SOURCE MATERIAL:
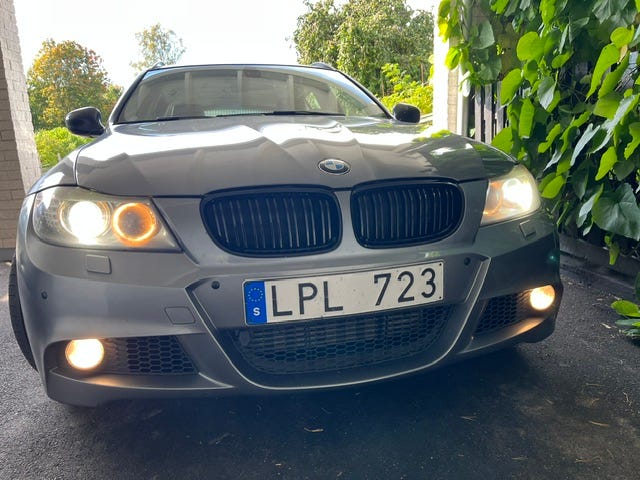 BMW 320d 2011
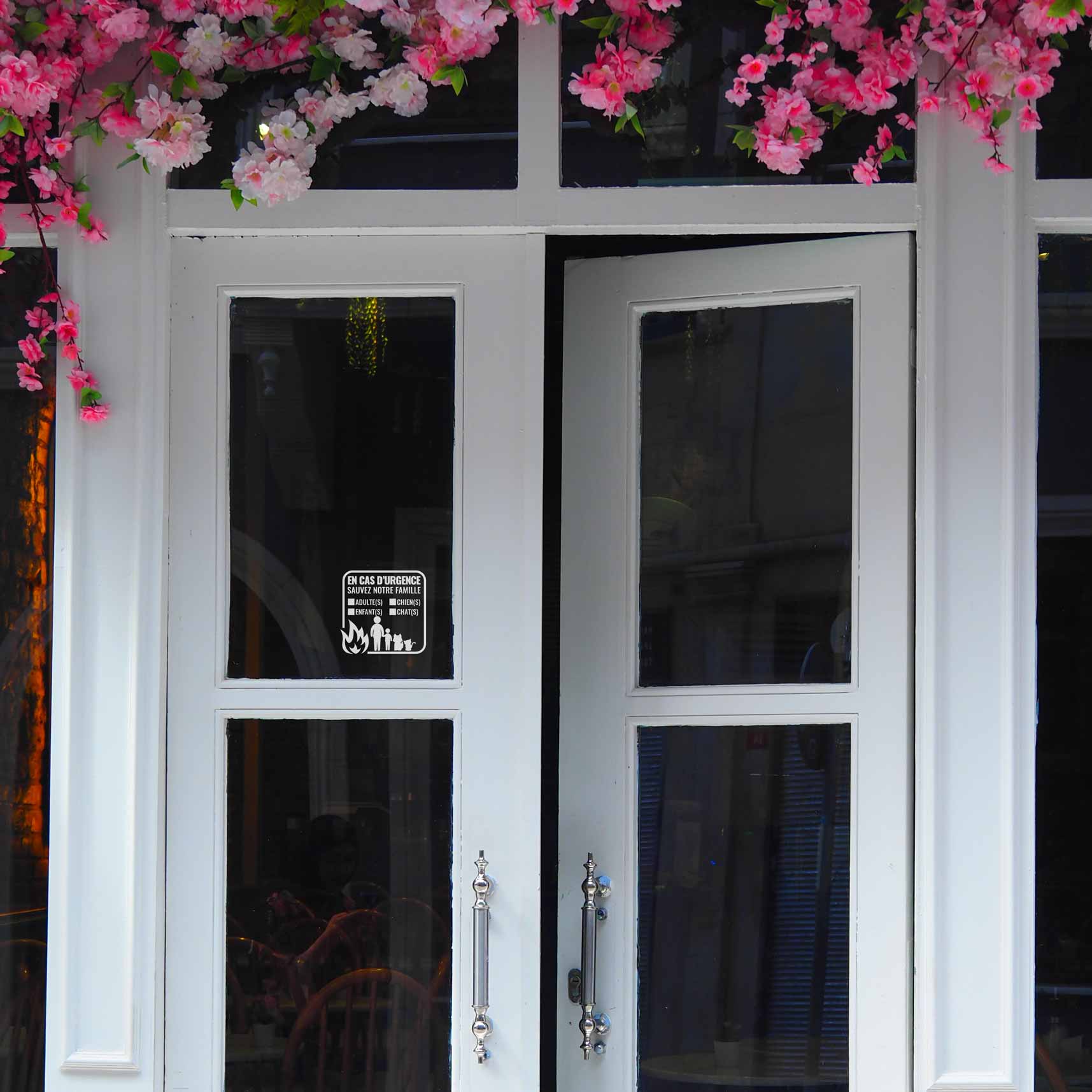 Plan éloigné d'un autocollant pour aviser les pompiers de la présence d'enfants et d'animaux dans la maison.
* * *
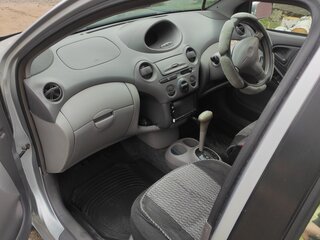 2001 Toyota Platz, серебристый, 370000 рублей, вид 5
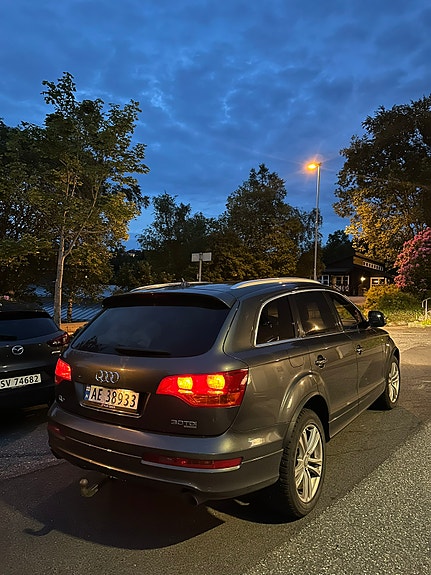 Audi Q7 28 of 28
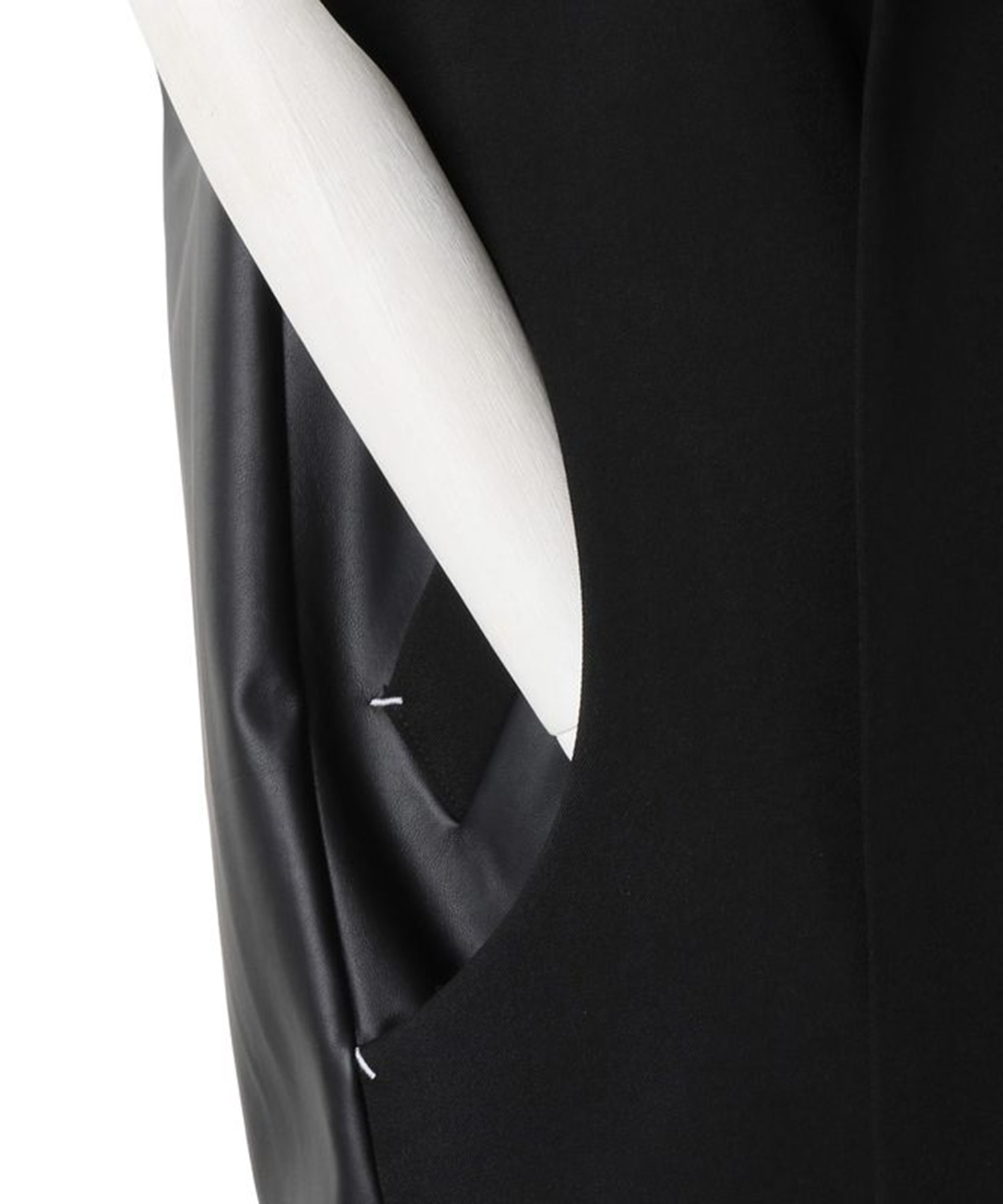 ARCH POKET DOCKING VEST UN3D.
==
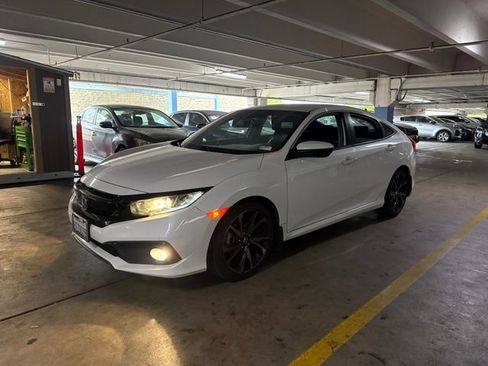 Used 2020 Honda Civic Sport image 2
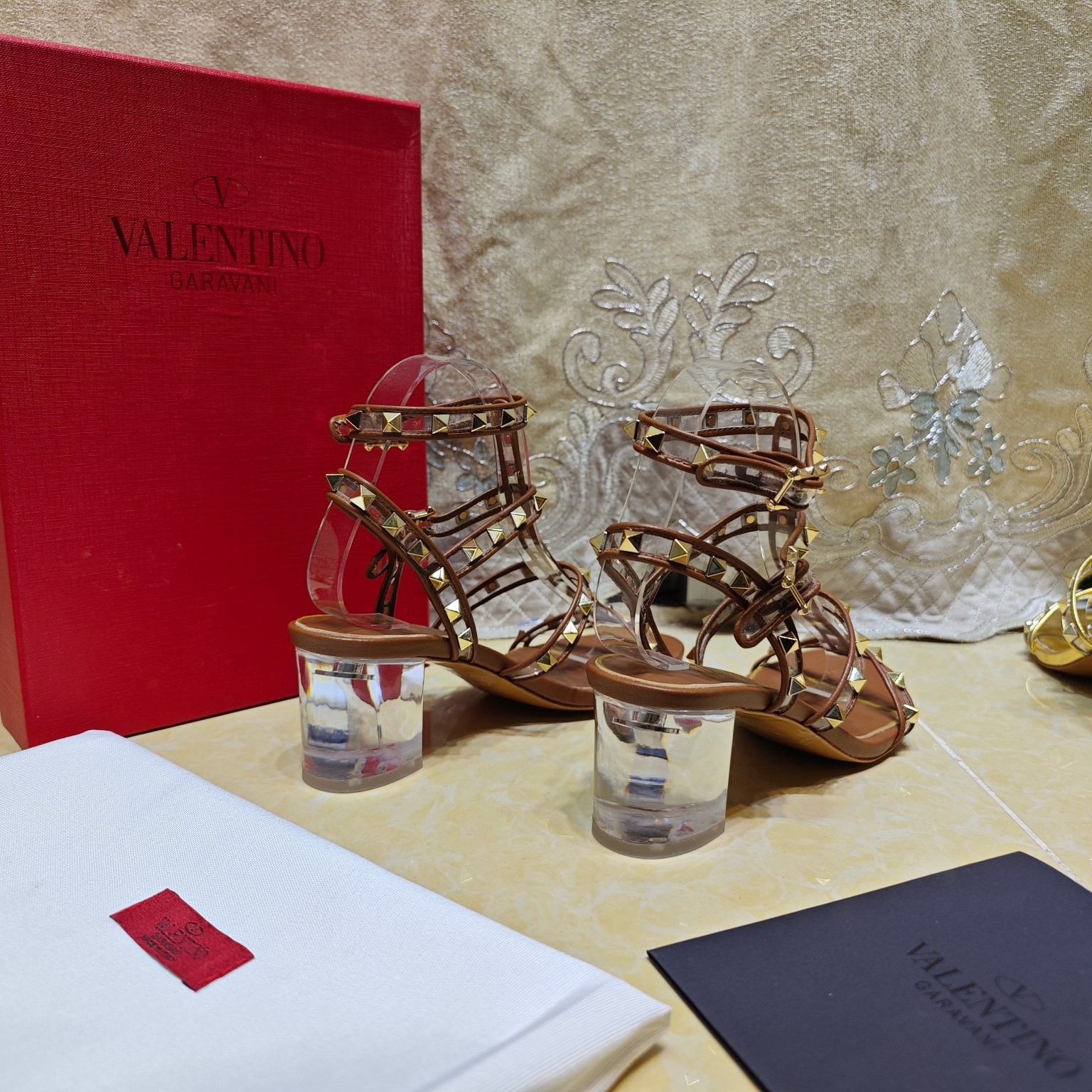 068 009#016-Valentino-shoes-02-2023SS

THE PROBLEM: Each line above that falls between the line with "BMW 320d 2011" and the line with "Plan éloigné d'un" should be printed exactly, together with those two lines, but the pictures should not.

YOUR RESPONSE:
 BMW 320d 2011
 Plan éloigné d'un autocollant pour aviser les pompiers de la présence d'enfants et d'animaux dans la maison.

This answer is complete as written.